Galles 1-1 Bosnia ed Erzegovina, l’avversaria dell’Italia
Una partita equilibrata, che ha però visto il Galles sopra per gran parte della partita. Una rete di grandissima qualità di James dalla grande distanza ha fatto tremare la Bosnia, che però con un gol di Dzeko all’86’ ha rimandato tutto ai supplementari e i conseguenti rigori. I due errori di fila sul dischetto per il Galles, con Johnson e Williams pesano: vince 2-4 la nazione balcana. Saranno loro gli avversari dell’Italia in finale.
Ucraina 1-3 Svezia
Risultato bugiardo se si vanno ad analizzare le statistiche, ma la differenza è stata fatta da un uomo in particolare: Viktor Gyokeres. Una tripletta che ha trascinato la Svezia alla finale playoff del tabellone B. Gol bandiera segnato da Ponomarenko al 90′, a rendere leggermente meno amara l’eliminazione dai Mondiali per l’Ucraina.
Polonia 2-1 Albania
Partita combattutissima tra le due squadre, con un iniziale svantaggio per la Polonia. La rete di Hoxha sembrava star condannando i polacchi, fino a quando al 63′ Lewandowski non ha rimesso in discussione la gara. Decisivo il gol dell’interista Zielinski, che con una grandissima rete dalla distanza ha regalato la qualificazione alla propria nazione.
Slovacchia 3-4 Kosovo
Partita molto spettacolare tra le due squadre, che ha però visto un Kosovo più finalizzatore. Decisive le reti di Hodza, Asllani, Muslija e Hajrizi. Arriva troppo tardi il terzo ed ultimo gol della Slovacchia con Strelec al 90+4′, che avrebbe potuto rimettere in discussione tutta la partita.
Danimarca 4-0 Macedonia del Nord
Una vittoria netta e senza spazi per altre interpretazioni. Damsgaard, Isaksen (doppietta) e Nørgaard trascinano la Danimarca in finale. La Macedonia del Nord non si è mai rivelata un pericolo, al massimo ha rimandato il proprio destino fino al secondo tempo.
Cechia 2-2 Irlanda
Altra partita in grado di regalare grandissime emozioni.
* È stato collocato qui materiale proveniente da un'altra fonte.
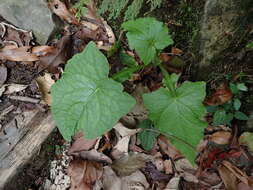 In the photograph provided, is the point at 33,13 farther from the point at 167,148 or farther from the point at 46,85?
the point at 167,148

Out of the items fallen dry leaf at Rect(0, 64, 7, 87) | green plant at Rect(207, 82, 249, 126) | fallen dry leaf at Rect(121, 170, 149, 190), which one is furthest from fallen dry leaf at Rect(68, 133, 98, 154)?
green plant at Rect(207, 82, 249, 126)

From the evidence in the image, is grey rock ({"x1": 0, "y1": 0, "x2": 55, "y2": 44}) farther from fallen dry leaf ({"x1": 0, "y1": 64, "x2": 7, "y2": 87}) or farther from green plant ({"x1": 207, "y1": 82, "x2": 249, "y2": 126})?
green plant ({"x1": 207, "y1": 82, "x2": 249, "y2": 126})

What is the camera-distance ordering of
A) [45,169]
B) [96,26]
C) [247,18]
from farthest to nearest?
[96,26] → [45,169] → [247,18]

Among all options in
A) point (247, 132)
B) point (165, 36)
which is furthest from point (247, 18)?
point (247, 132)

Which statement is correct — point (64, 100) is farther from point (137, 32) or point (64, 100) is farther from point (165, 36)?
point (165, 36)

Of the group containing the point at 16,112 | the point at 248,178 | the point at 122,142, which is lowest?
the point at 248,178

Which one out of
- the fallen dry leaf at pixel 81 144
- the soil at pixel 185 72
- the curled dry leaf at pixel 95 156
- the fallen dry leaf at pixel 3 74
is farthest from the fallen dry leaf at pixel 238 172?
the fallen dry leaf at pixel 3 74

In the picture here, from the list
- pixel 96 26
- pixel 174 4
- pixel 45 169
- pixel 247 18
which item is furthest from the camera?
pixel 96 26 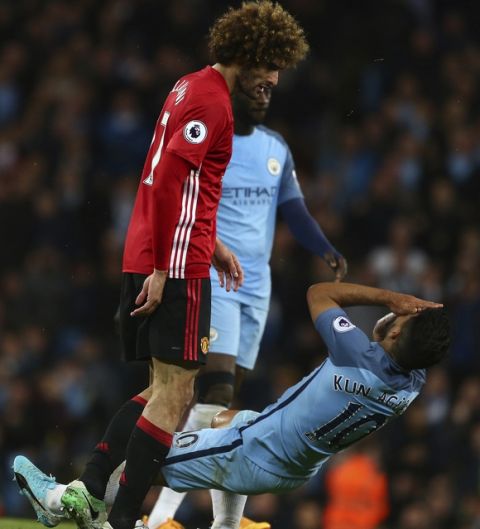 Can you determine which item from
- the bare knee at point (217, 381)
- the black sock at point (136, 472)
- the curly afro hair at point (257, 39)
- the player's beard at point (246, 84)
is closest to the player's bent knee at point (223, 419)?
the bare knee at point (217, 381)

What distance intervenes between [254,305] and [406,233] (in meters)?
5.54

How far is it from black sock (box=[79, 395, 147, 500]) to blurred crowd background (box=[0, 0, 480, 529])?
526cm

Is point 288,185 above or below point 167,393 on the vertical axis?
above

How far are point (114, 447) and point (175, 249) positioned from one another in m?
1.00

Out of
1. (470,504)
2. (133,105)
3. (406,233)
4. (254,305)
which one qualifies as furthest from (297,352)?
(254,305)

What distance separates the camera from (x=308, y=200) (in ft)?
45.4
Tutto parte dal gol dell’ormai eroe nazionale Troy Parrott al 19′, oltre ad un autogol di Kovar 4 minuti dopo. 0-2 nei primi 23 minuti di gioco e gara che sembra essere in cassaforte. Pensiero che viene smentito da un rigore realizzato da Schick al 27′, ma ancora non sufficiente per la rimonta. All’86’ arriva la svolta improvvisa: gol di Krejci su calcio d’angolo e 2-2 che manda la gara prima ai supplementari e, successivamente, ai calci di rigore. Rimonta che viene poi completata, grazie ai due errori consecutivi da parte dell’Irlanda con Azaz e Browne. Decisivo il rigore di Kliment, che porta la Repubblica Ceca ad un’insperata finale playoff.